• [Work required]:
Without pictures, repeat exactly the lines from the one containing "Zimmermann Klänning Ottie" through the end of the entries.

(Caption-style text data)
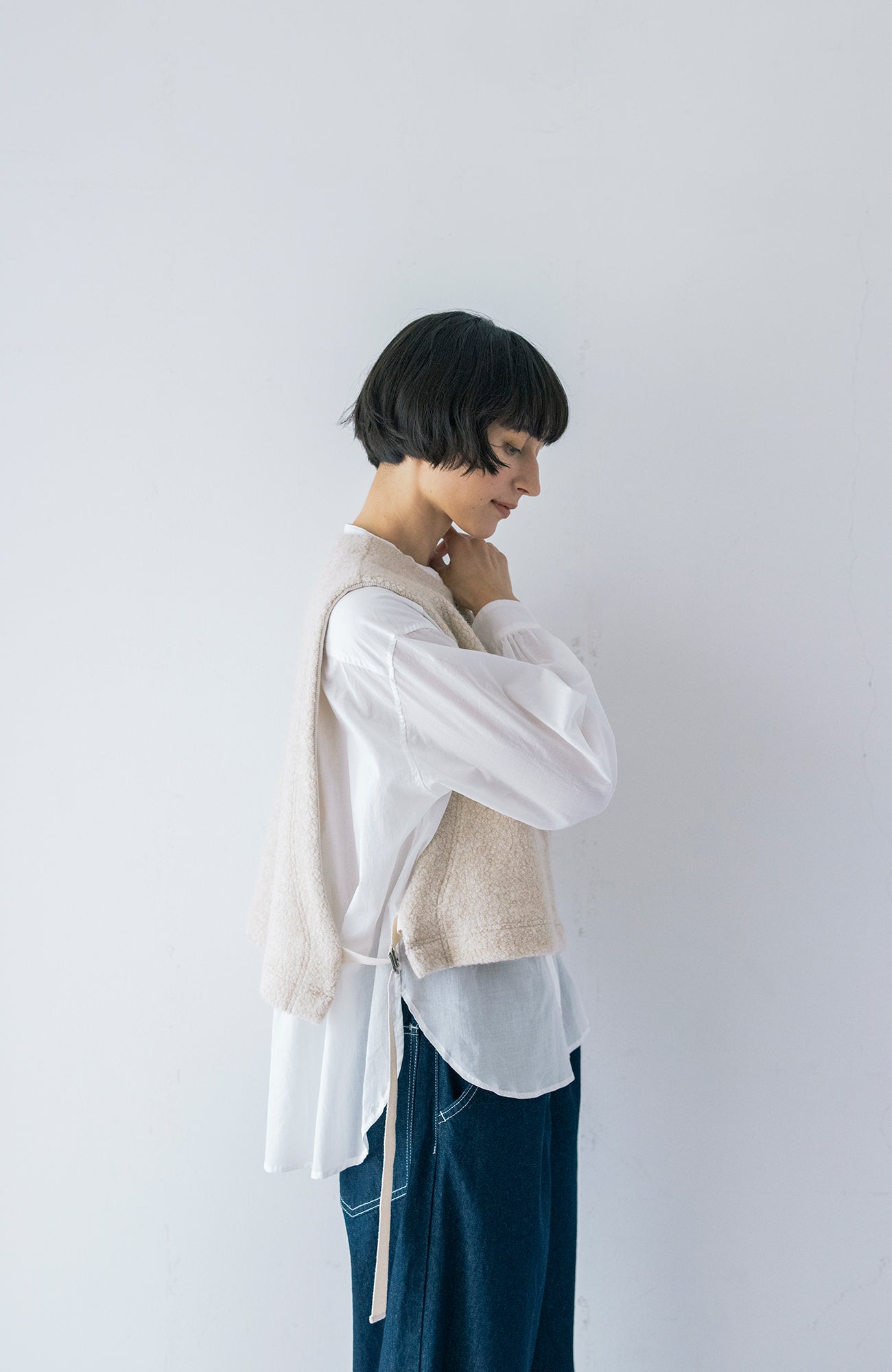 ウールパイルベスト(2026-2027 Winter & Pre-spring Collection)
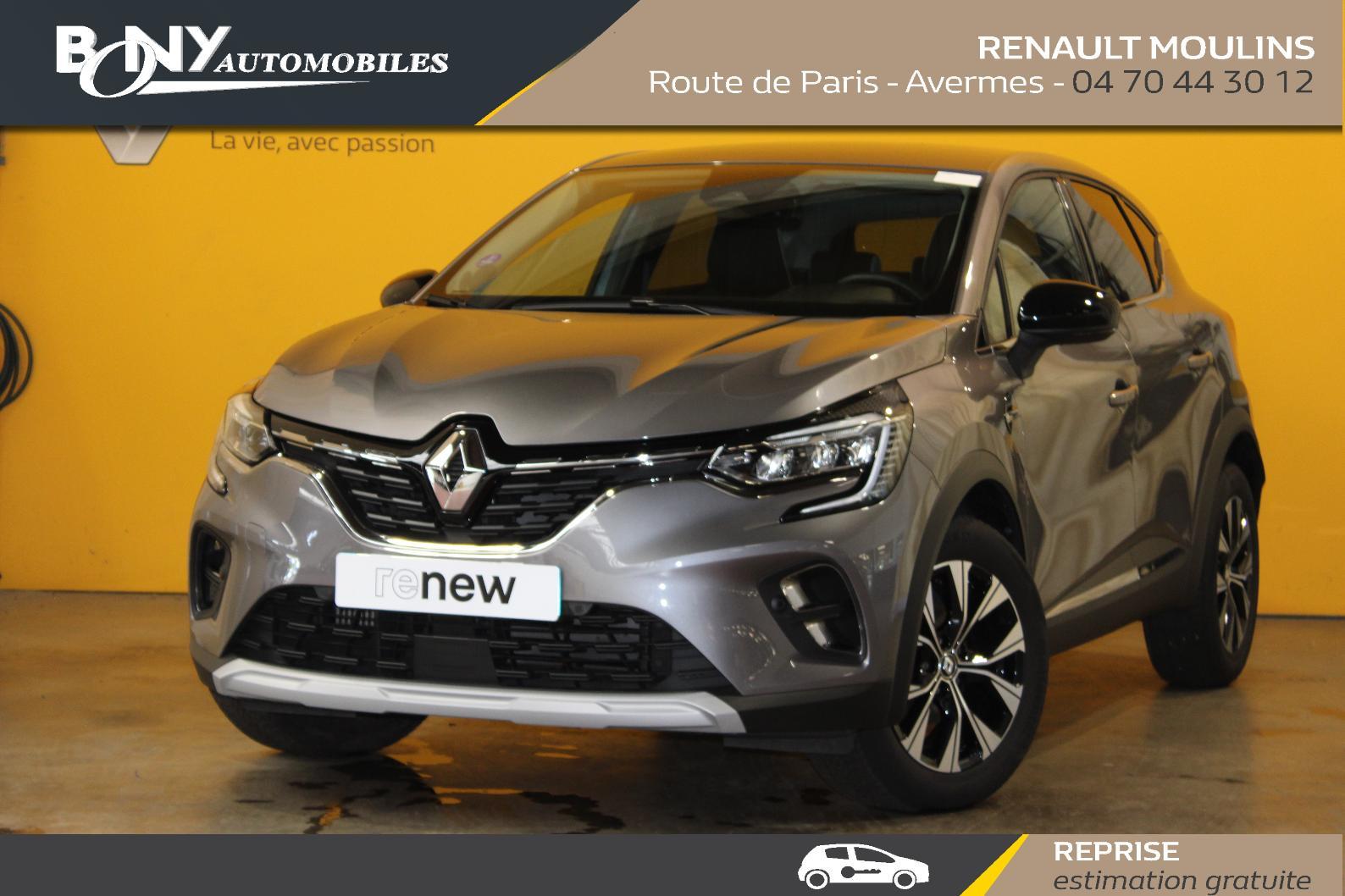 Renault Captur MILD HYBRID 140 TECHNO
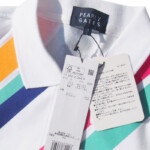 パーリーゲイツ｜pearly gates｜配色ラインノースリーブポロワンピース ｜レディースゴルフウェア｜1イメージ07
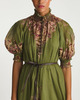 Zimmermann Klänning Ottie Swing Maxi Khaki 2 (M-L)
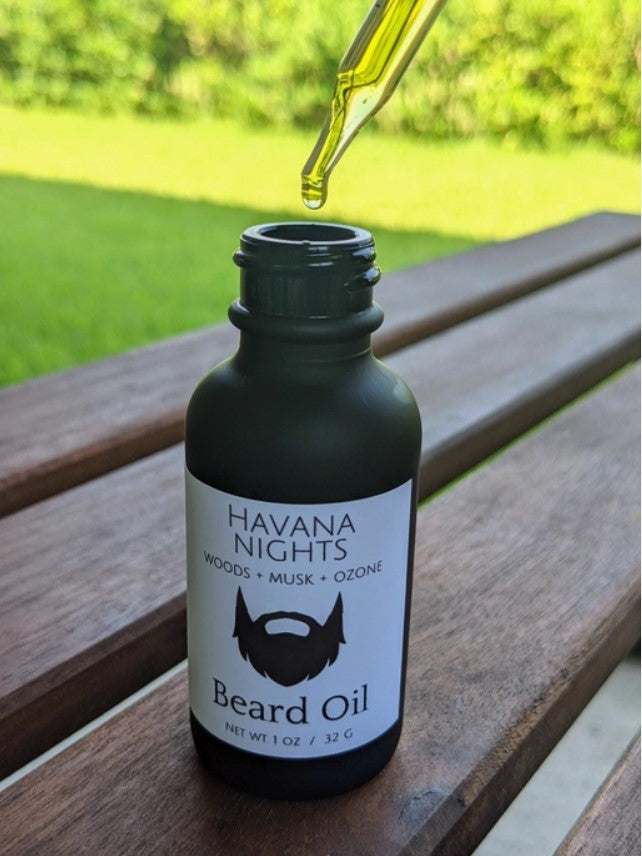 Havana Nights Beard Oil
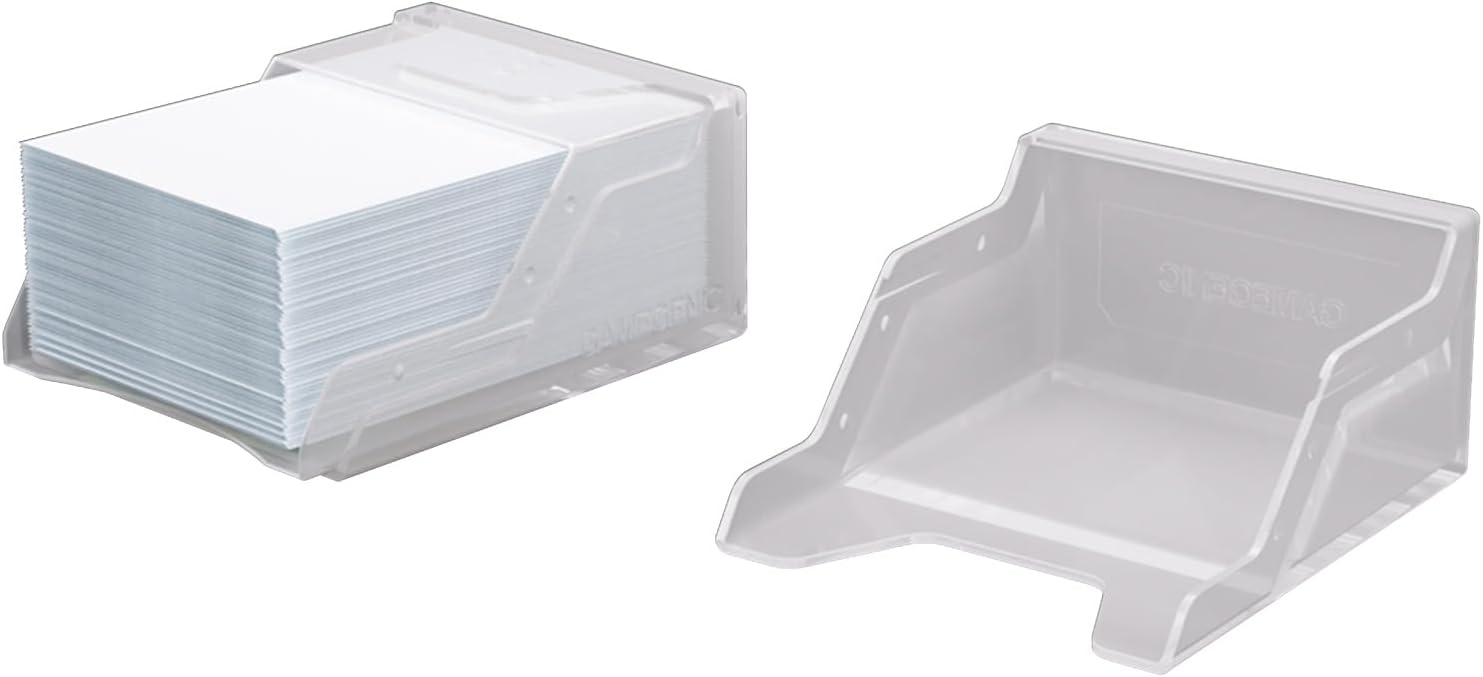 Gamegenic Bastion 50+ Deck Box for Double-Sleeved Cards - White 3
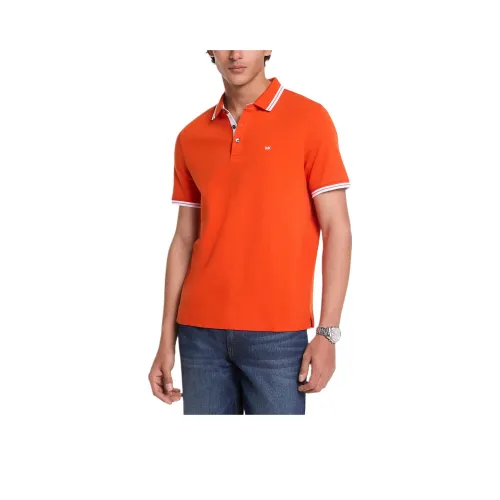 MICHAEL KORS Поло Мужское Red Earth Серый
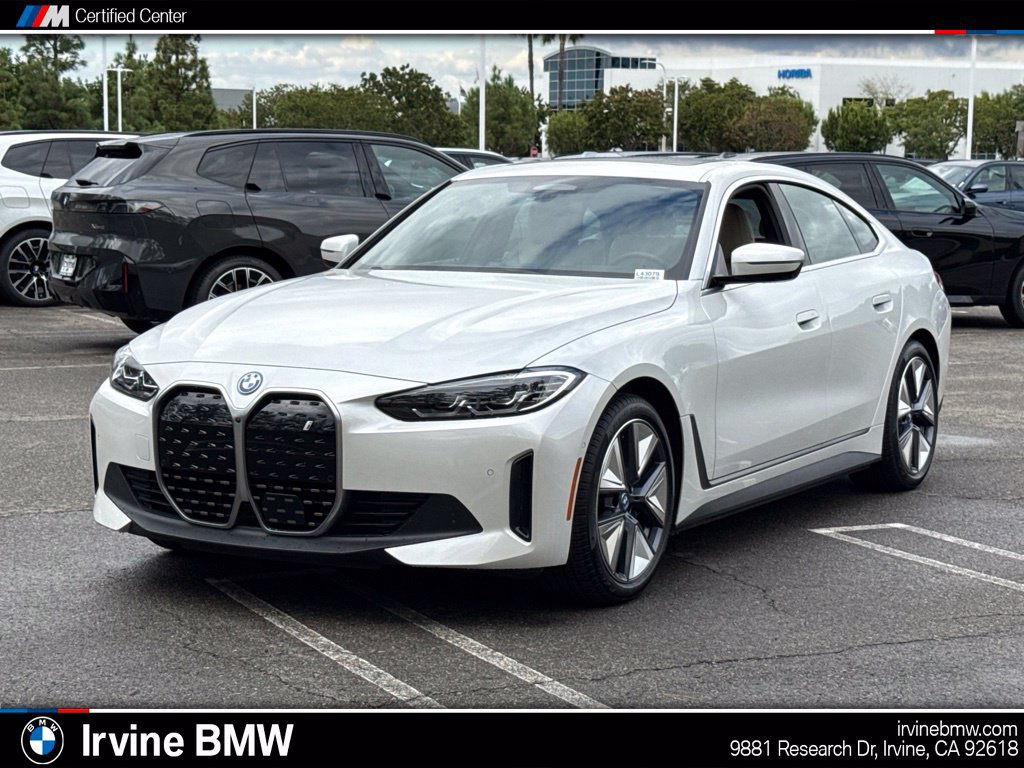 Certified 2024 BMW i4 eDrive40 w/ Premium Package RWD image 1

• [Task solution]:
 Zimmermann Klänning Ottie Swing Maxi Khaki 2 (M-L)
 Havana Nights Beard Oil
 Gamegenic Bastion 50+ Deck Box for Double-Sleeved Cards - White 3
 MICHAEL KORS Поло Мужское Red Earth Серый
 Certified 2024 BMW i4 eDrive40 w/ Premium Package RWD image 1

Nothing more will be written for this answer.